7.Data Transfer Agreement. New Section 10.9 (Data Transfer Agreement) is added to the Agreement as follows:
10.9    Data Transfer Agreement. On or about the Second Amendment Effective Date, Dell as the data processor and GPI as the data controller will execute and deliver, as an addendum to this Agreement, the standard contractual clauses for international transfers of personal data that are included within European Commission Decision 2010/87/EU, in the form attached as Schedule 10.9 (Data Transfer Agreement). For the purposes of this Section 10.9 and Section 13.1(a), “personal data”, “process/processing”, “controller”, and “processor” shall have the same meaning as in Directive 95/46/EC of the European Parliament and of the Council of 24 October 1995 on the protection of individuals with regard to the processing of personal data and on the free movement of such data.

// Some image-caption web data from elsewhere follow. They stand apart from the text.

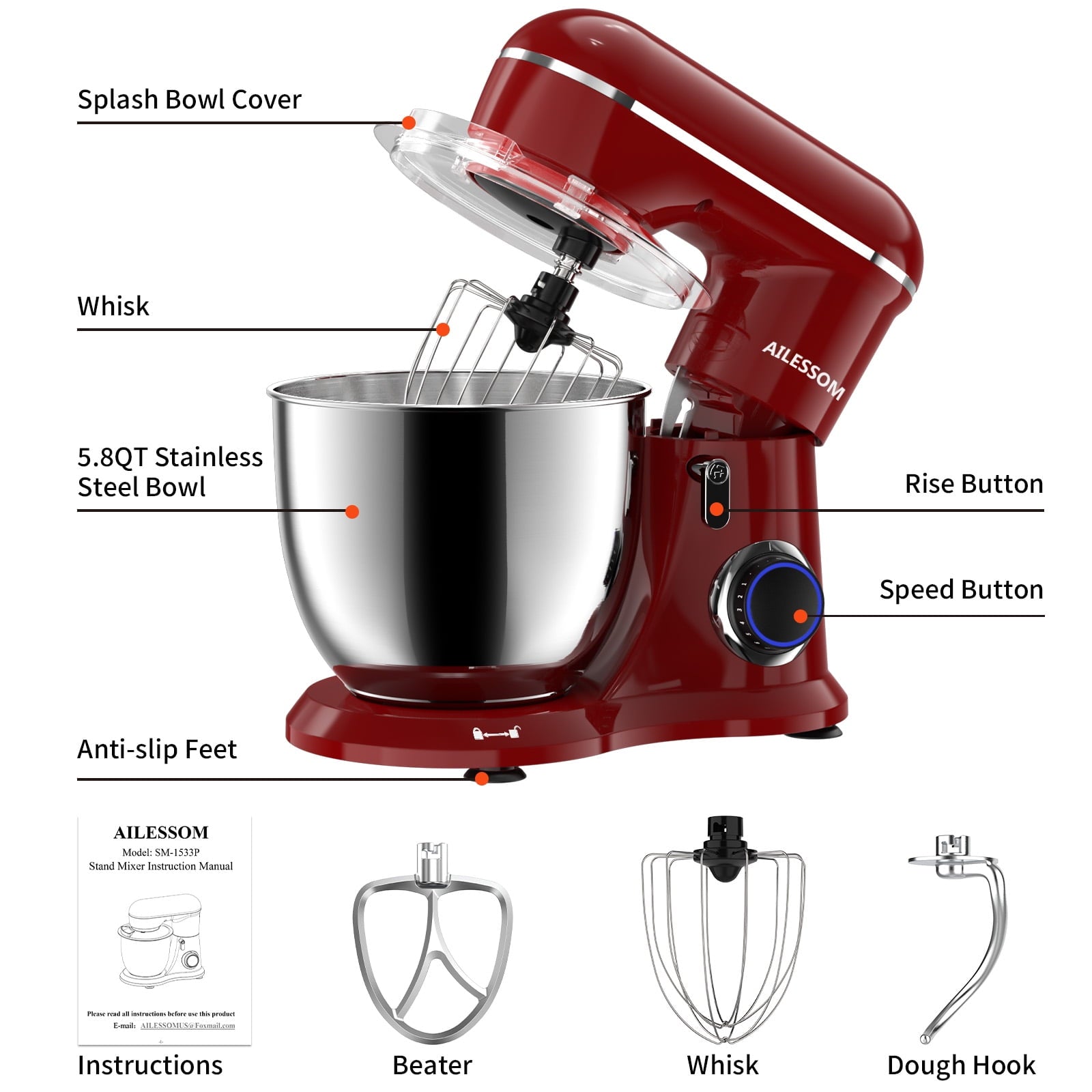 Ailessom New Stand Mixer,6-QT 10-Speed Tilt-Head Kitchen Electric Mixer with Bowl, Dough Hook, Beater, Whisk for Most Home Cooks, (Empire Red）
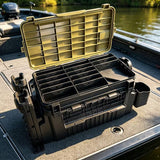 Double-layer multi-function outdoor storage fishing box, can be used as a stool, convenient storage of various fishing lines, bait, live fish. - Extra Image
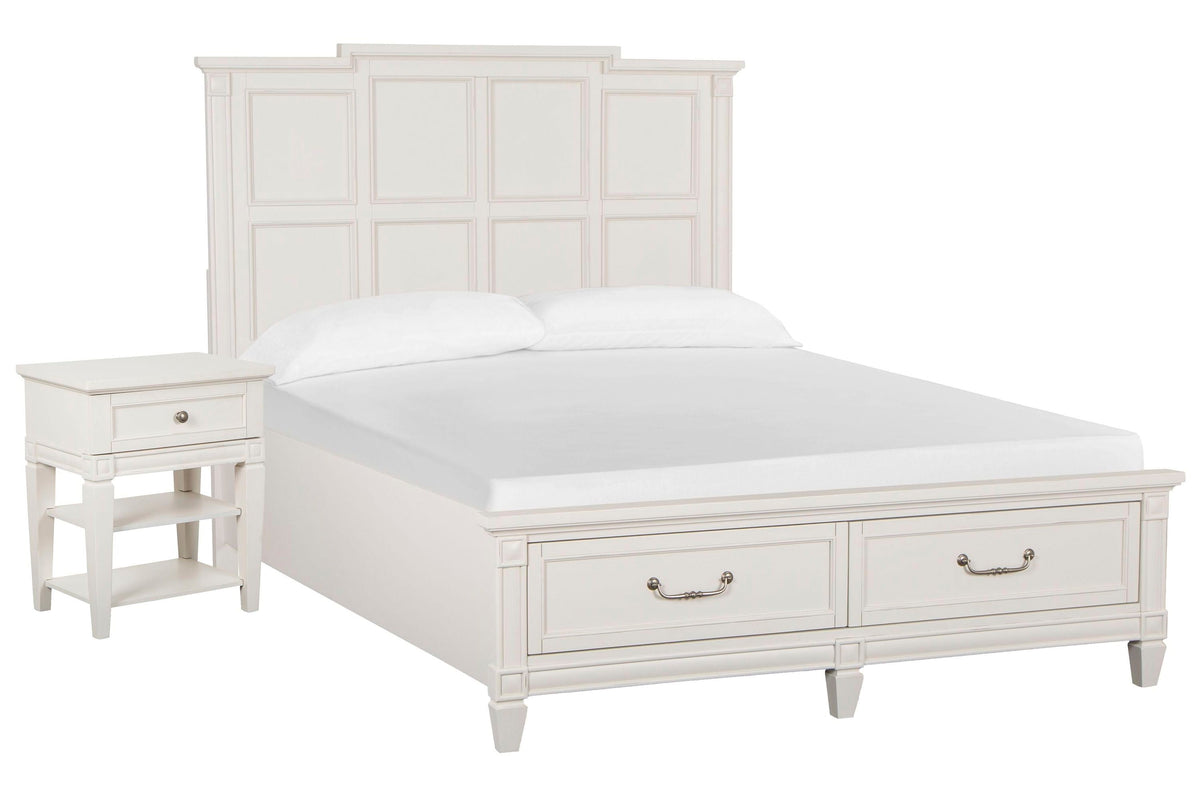 Magnussen Home Willowbrook Egg Shell White California King Panel Storage Bed With Open Nightstand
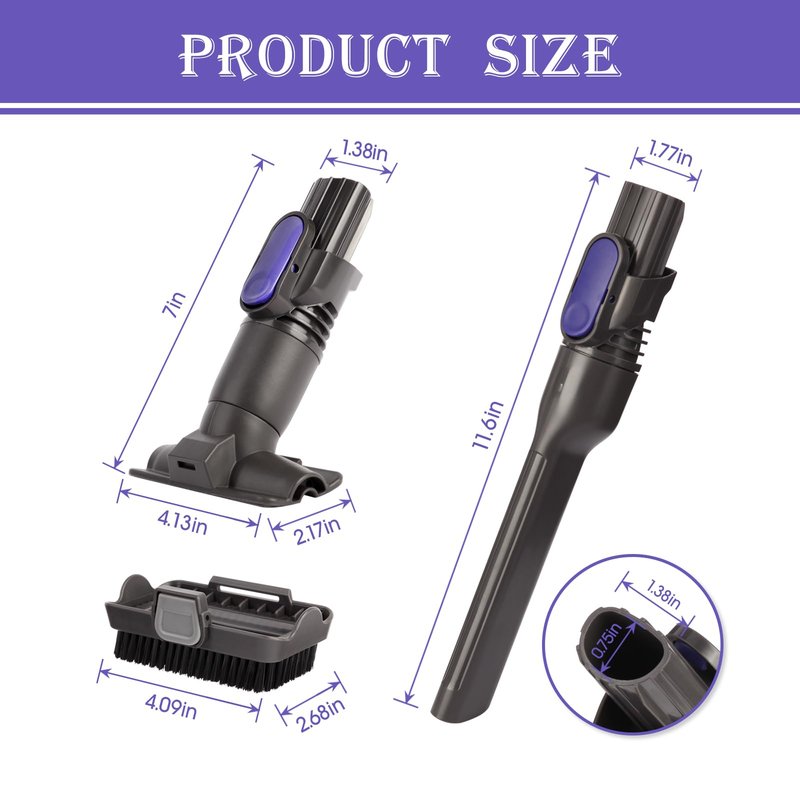 Vacuum Crevice Tool Brush Replacement Parts Compatible with Shark Pet Cordless Stick IX141 IZ162H IZ163H IZ362H IZ562H IZ140 IZ142 UZ145 Removable two-in-one Tool Brush Attachments for D-Shaped Vacuum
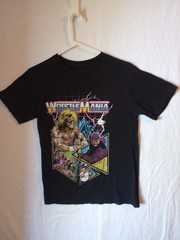 WWE WrestleMania Shirt Mens S Black Ultimate Warrior Macho Man Randy Savage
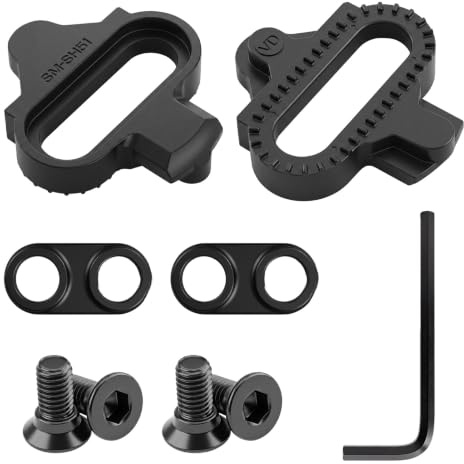 Cales Vélo pour Pédales Shimano SPD 2-Trous, Compatibles avec Shimano SPD | Accessoire Velo pour Shimano M520 M540 M8000 M8020, avec Vis et Rondelles, Kit pour VTT intérieur Cycling, Fixation à 2 Trous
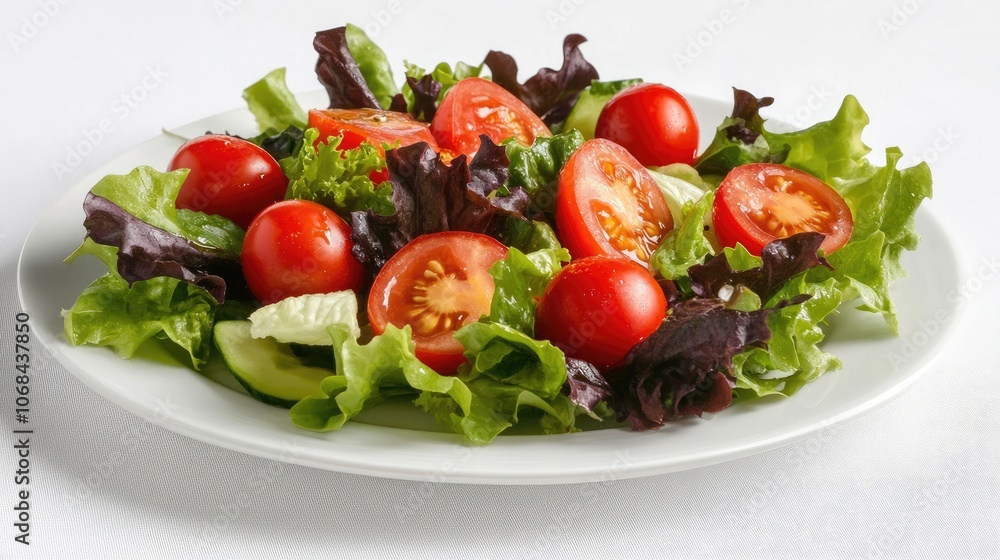 A fresh salad with vibrant tomatoes arranged on a white plate offers a delicious visual appeal, perfect for culinary presentations and capturing enticing food imagery. A fresh salad with vibrant tomatoes arranged on a white plate offers a delicious visual appeal, perfect for culinary presentations and capturing enticing food imagery.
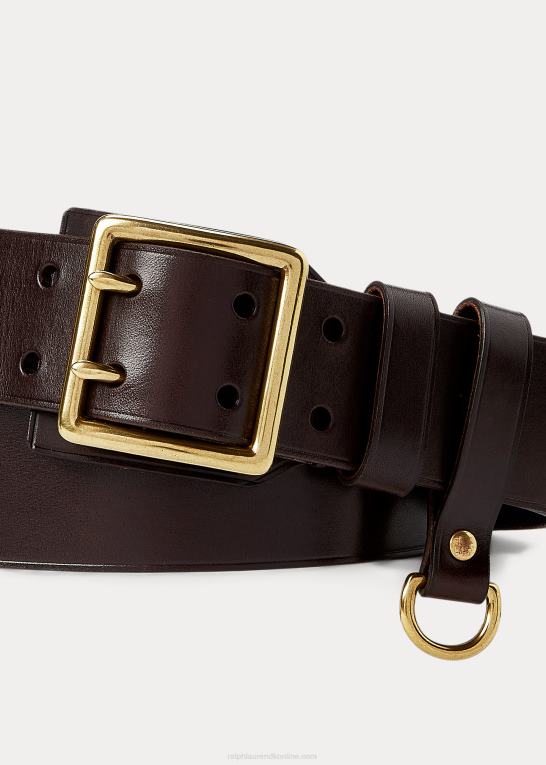 mørkebrun Mænd Ralph Lauren dobbeltbenet læderbælte Z426B2222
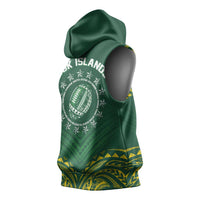 World Rugby Cook Islands Sleeveless Hoodie Green Polynesian Tribal Pattern LT9 - Polynesian Pride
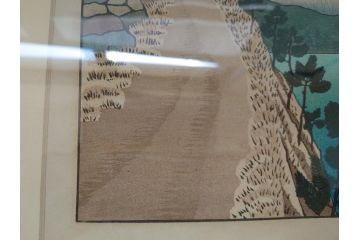 奥山儀八郎　木版画　日本風景版画　由井さった峠　富士山　駿河湾(絵画、多色刷、額装、由比)(R-062890)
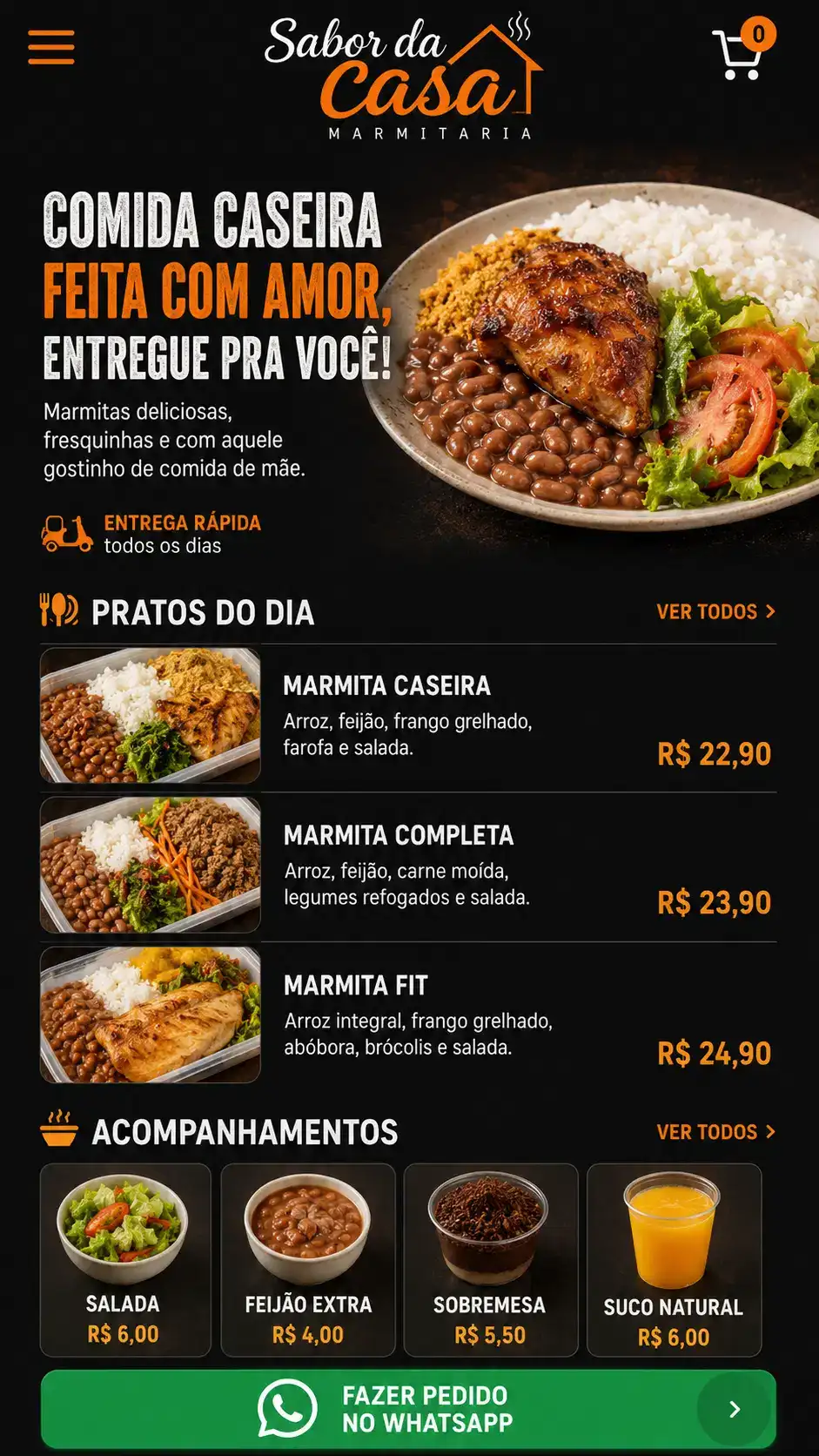 Criação de site para Marmitaria Delivery Mobile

8.Data. Section 13.1(a) of the Agreement is deleted in its entirety and replaced with the following:
(a)Ownership and Use of Data. As between Dell and GPI, GPI Data is the exclusive property of GPI. Dell will use the GPI Data only in connection with providing the Designated Services and conducting necessary testing pursuant to this Agreement, all in accordance with Dell’s obligations under this Agreement. GPI has and will have the right to transfer to Dell such GPI Data that GPI transfers to Dell that constitutes personal data.  Dell has and will have the right to transfer to GPI the personal data that Dell transfers to GPI hereunder or that Dell otherwise requires to transfer to GPI to administer lawful business processing by Dell, except to the extent such personal data is GPI Data covered by GPI instructions.  Except as otherwise expressly agreed in writing, Dell will not, and will not attempt to, sell, license, provide, disclose, use, pledge, hypothecate and/or in any other way transfer the GPI Data. All such attempts by Dell will be void, without legal effect and deemed a material breach of this Agreement. All access to GPI Data will be subject to the Confidentiality provisions set forth in Section 13.2 (Confidentiality).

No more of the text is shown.